Tuesday, March 24, 2020

Swing Along: The Musical Life of Will Marion Cook


Although Marva Griffin Carter's biography of Will Marion Cook is too short, it is required reading for a study of one of the most pivotal figures in the prehistory of jazz music. Admittedly, I only knew of Will Marion Cook in passing through his son's reputation as one of the translators of Jacques Roumain's magnum opus, but his name is frequently mentioned in the context of African American music of the pre-jazz era. Undoubtedly, Cook's talents as a composer for black musical theater in the 1890s and 1900s helped pave the way forward for jazz by opening doors to black musicians in New York City.

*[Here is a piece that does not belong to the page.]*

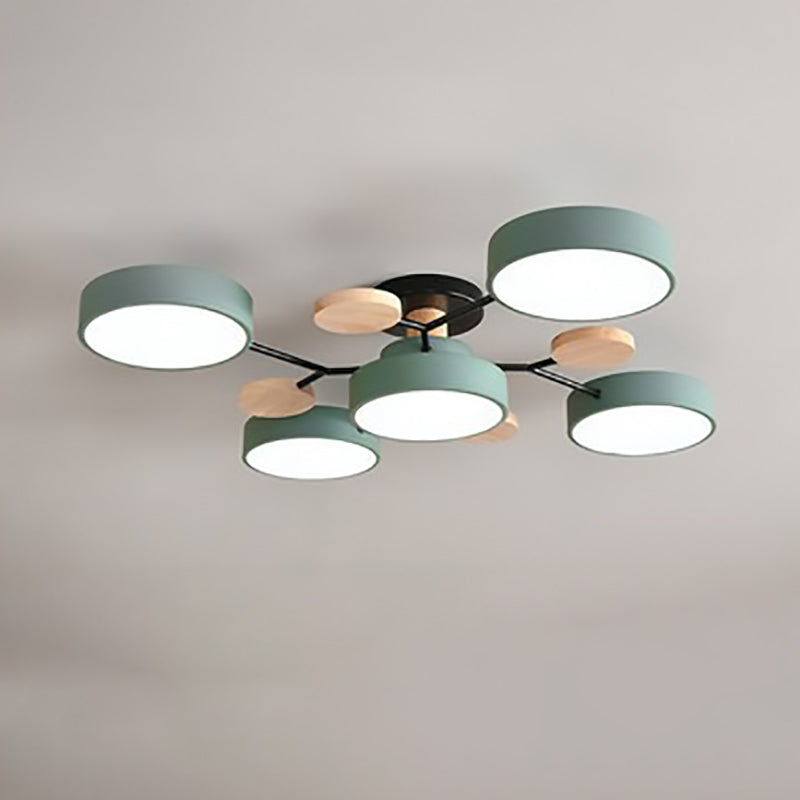 Frendorf | NordLuxe Molekül Design LED Deckenleuchte | Skandinavischer Stil | Semi-Flush Mount | Wohnraumbeleuchtung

The Southern Syncopated Orchestra, unfortunately, was never recorded. But if arrangements from that Cook orchestra are ever located, it would be interesting to see in what ways it was a precursor to big band jazz. We know that Cook, like Europe, wanted to develop a uniquely African American musical aesthetic, which featured aspects of ragtime and proto-jazz. The number of jazz musicians who went on to leave a significant mark in the genre are plentiful, including Duke Ellington who perhaps best encapsulated Cook's desire to combine elements of highbrow and lowbrow musical expressions into a new aesthetic reflecting "racial" consciousness.